There has been much excitement over the Disney+ streaming service launch. Disney has made so many of their classic movies and television shows available, along with Marvel and Star Wars movies, National Geographic content, and more. It seems to have made more of a splash than Apple TV+.
But in technology, success isn’t always a good thing, as success attracts scammers and hackers. Disney+ has attracted the hackers. Thousands of accounts have already been hacked, just days after its debut, with accounts being sold online for as little as $3 apiece.
A ZDNet investigation found that within hours of the Disney+ launch, hackers were already at work and selling the accounts online for anywhere from $3 to $11.
Not that that was the only problem after the launch of Disney+ on November 12. Success was crazy. It’s only open to the United States, Canada, and the Netherlands, yet more than 10 million customers joined up in the first 24 hours. But there were also technical issues right off the bat with some users unable to stream content.
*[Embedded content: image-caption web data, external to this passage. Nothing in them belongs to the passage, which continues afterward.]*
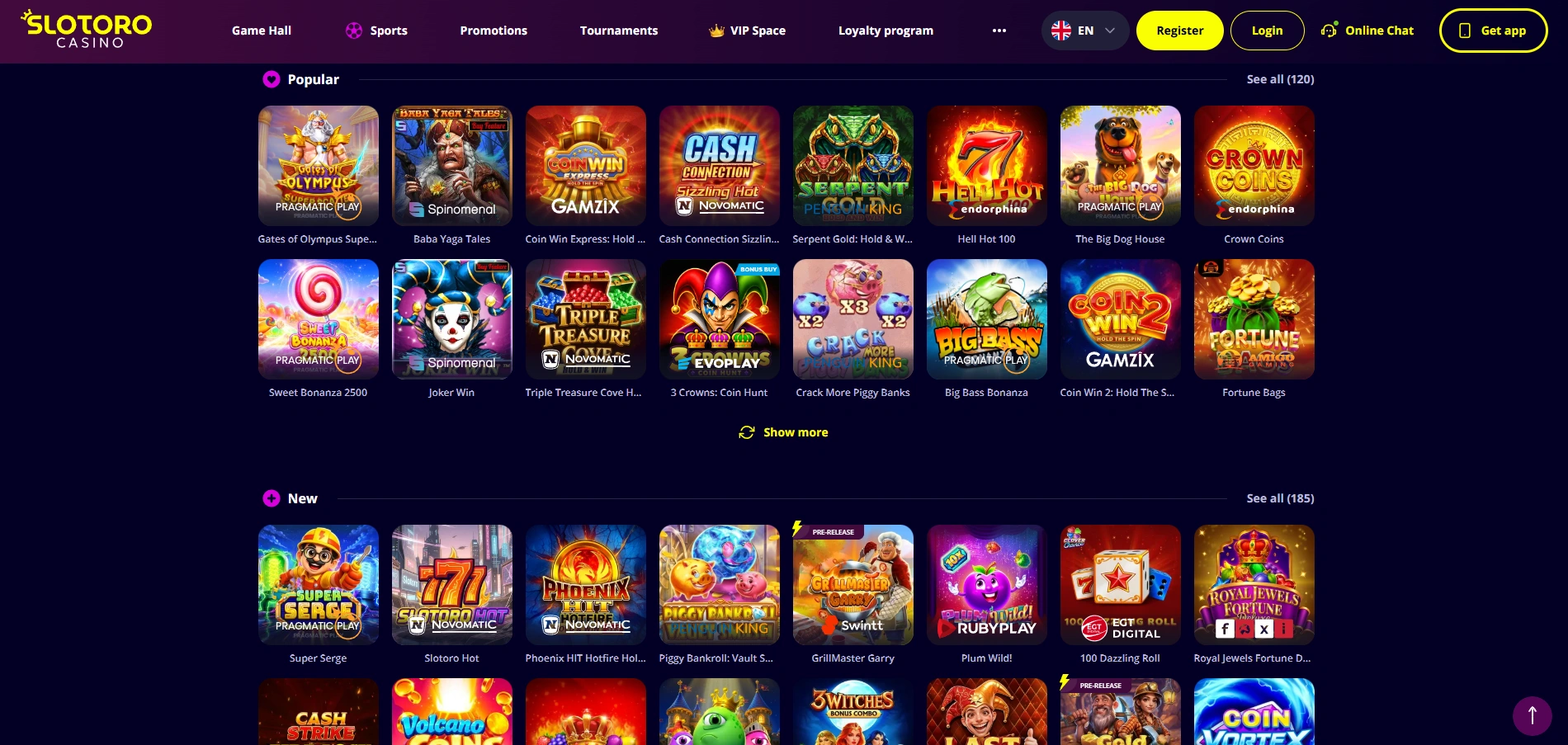 Slotoro casino popularne igre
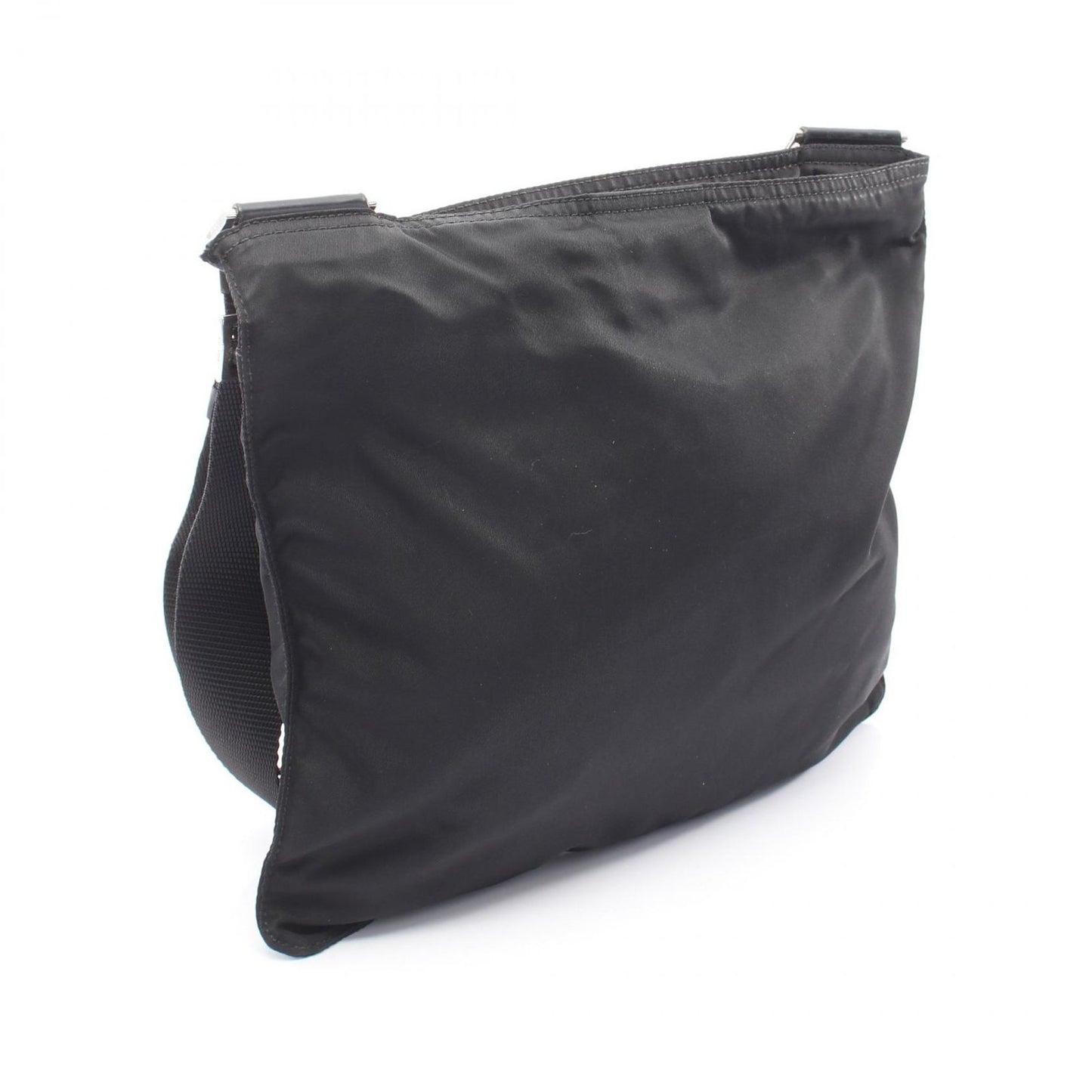 Prada Shoulder Bag Triangle Logo Black Nylon Leather — view 2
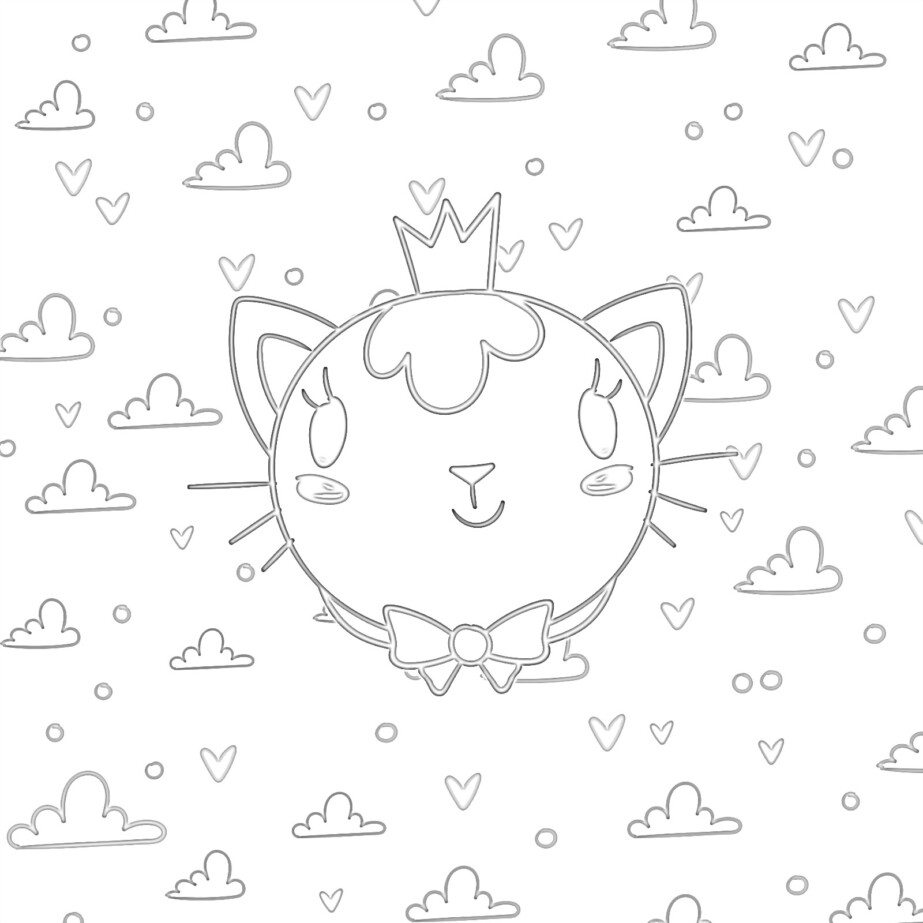 Princess Cat - Coloring page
But along with those complaints were many reporting that hackers accessed their accounts, logged them out, then changed the email and password on the accounts, locking them out.
There were many users like the person who posted on Twitter that “Disney+ has been open for like 10 hours, and my account has already been hacked.”
Another posted, “My account got hacked and email/password changed. Thankfully, I cancelled my subscription before the hack,” and one tweeted that their friend’s account was hacked, and “now she’s completely blocked from three-year prepaid Disney+ account. She’s been on hold for >2 hours.”
Two users spoke with ZDNet and admitted to reusing passwords, while other users reported they had not and used unique passwords for their Disney+ account.
This makes it appear there are multiple attacks in place. While some hackers are using email and password combinations that have been leaked on other sites, malware may have stolen the credentials of other accounts.
Ads popped within hours of the Disney+ launch selling the accounts for anything from $3 to $11, with hacking forums being flooded with the ads. Sharing of accounts is being advertised for free.
No Sure Prevention
The worst part is there is no surefire way of preventing your Disney+ account from being hacked. If you use a unique username and password, you can help prevent those attacks, but you won’t stop the other. You’re really just mitigating the chance of being hacked.
The other new streaming site, Apple TV+, isn’t as popular right now but because of that also doesn’t have the hacking attempts. And traditionally, Apple keeps data locked down tighter anyway.